Kim stamped with vexation when the lad made his boast good.
'If it were men—or horses,' he said, 'I could do better. This playing with tweezers and knives and scissors is too little.'
'Learn first—teach later,' said Lurgan Sahib. 'Is he thy master?'
'Truly. But how is it done?'
'By doing it many times over till it is done perfectly—for it is worth doing.' (9.100-105)
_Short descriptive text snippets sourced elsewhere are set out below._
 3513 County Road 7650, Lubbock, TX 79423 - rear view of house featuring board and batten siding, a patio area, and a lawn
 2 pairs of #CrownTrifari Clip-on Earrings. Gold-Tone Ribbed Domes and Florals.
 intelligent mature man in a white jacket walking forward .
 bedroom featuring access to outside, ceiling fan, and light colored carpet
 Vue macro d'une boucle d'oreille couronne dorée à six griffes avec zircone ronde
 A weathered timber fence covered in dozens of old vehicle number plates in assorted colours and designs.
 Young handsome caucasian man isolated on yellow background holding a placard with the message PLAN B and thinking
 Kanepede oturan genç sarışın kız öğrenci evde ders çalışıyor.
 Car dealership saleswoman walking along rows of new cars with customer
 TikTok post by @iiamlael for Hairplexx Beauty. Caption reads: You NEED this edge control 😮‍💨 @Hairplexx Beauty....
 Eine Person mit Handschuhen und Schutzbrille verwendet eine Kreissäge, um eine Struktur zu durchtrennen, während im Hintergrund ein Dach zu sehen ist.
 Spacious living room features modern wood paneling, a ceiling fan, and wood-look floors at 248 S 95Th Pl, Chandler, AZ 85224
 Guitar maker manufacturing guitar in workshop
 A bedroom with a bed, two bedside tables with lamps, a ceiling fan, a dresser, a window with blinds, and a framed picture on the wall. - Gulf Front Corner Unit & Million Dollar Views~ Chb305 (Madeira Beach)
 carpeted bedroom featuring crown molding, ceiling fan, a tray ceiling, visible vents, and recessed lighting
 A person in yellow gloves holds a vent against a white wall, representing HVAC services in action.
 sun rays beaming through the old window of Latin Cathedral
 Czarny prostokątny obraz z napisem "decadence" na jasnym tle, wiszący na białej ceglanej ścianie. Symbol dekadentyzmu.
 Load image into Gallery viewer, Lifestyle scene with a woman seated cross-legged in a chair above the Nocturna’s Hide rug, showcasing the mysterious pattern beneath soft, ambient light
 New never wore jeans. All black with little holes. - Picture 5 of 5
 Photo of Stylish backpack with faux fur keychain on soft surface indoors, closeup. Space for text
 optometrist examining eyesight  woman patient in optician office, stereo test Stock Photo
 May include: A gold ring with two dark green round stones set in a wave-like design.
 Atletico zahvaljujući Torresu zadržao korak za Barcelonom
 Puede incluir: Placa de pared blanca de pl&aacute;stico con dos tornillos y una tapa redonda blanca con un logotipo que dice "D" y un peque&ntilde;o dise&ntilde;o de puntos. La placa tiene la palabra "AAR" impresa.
The Jewel Game is one of the things the novel Kim is best known for: Lurgan shows Kim a group of about fifteen different jewels before covering them up and asking Kim to describe what he has seen. Kim isn't that good at the game to start with—the little Hindu boy totally schools Kim in their first few rounds—but practice really improves Kim's observational skills.
Quote #8
'It is more, chela. Thou hast loosed an Act upon the world, and as a stone thrown into a pool so spread the consequences thou canst not tell how far.'
This ignorance was well both for Kim's vanity and for the lama's peace of mind, when we think that there was then being handed in at Simla a code-wire reporting the arrival of E23 at Delhi, and, more important, the whereabouts of a letter he had been commissioned to—abstract. Incidentally, an over-zealous policeman had arrested, on charge of murder done in a far southern State, a horribly indignant Ajmir cotton-broker, who was explaining himself to a Mr Strickland on Delhi platform, while E23 was paddling through byways into the locked heart of Delhi city. In two hours several telegrams had reached the angry minister of a southern State reporting that all trace of a somewhat bruised Mahratta had been lost; and by the time the leisurely train halted at Saharunpore the last ripple of the stone Kim had helped to heave was lapping against the steps of a mosque in far-away Roum—where it disturbed a pious man at prayers. (12.34-5)
The lama sees Kim's bit of cunning in transforming Agent E23 into a Saddhu holy man and completely disapproves. While the lama admits that Kim's healing of the Punjabi farmer's son was a good deed, he thinks that Kim's behavior with E23 was just Kim showing off his skills. And since Kim can't really explain about being a spy to the lama, he just lets the lama think the worse of him (even though it hurts him to do so).
Still, while the lama makes some wrong assumptions about Kim's motivation in this scene, he does say something absolutely true: that Kim's cunning has "loosed an Act upon the world." Kim can't know the huge effects that his disguise for E23 have had on a range of other people trying hard to assassinate the poor man. Kipling suggests that there are these big networks of causes and consequences for all of the little deeds that Kim and his friends do as agents of the British Indian Secret Service. But the weird thing is that none of these agents will ever really see the big picture.
The only person in the book who might come close to seeing all of these larger patterns is Creighton—and the narrator himself, of course.
Quote #9
'See here the Hell appointed for avarice and greed. Flanked upon the one side by Desire and on the other by Weariness.' The lama warmed to his work, and one of the strangers sketched him in the quick-fading light.
'That is enough,' the man said at last brusquely. 'I cannot understand him, but I want that picture. He is a better artist than I. Ask him if he will sell it.'
'He says "No, sar,"' the Babu replied. The lama, of course, would no more have parted with his chart to a casual wayfarer than an archbishop would pawn the holy vessels of his cathedral. All Tibet is full of cheap reproductions of the Wheel; but the lama was an artist, as well as a wealthy Abbot in his own place. (13.59-61)
When Kim hears the lama discussing his illustration of the Great Wheel, he listens respectfully to what the lama has to say. By contrast, in this passage, we see this Russian agent insist on buying the lama's painting—he doesn't understand that the lama has drawn this design, not as a piece of art for sale, but as a teaching tool and as part of his faith. And the Russian refuses to listen to anyone, including the lama, when they try to tell him that the Great Wheel can't be bought for money.
This exchange is actually really important for showing what Kipling thinks of Britain's competition with other European powers for imperial domination of India. Here Kipling strongly implies that the British belong in India because they get it better than the Russians. Kim respects the lama, whereas the Russian agent tears his painting and then hits him in the face.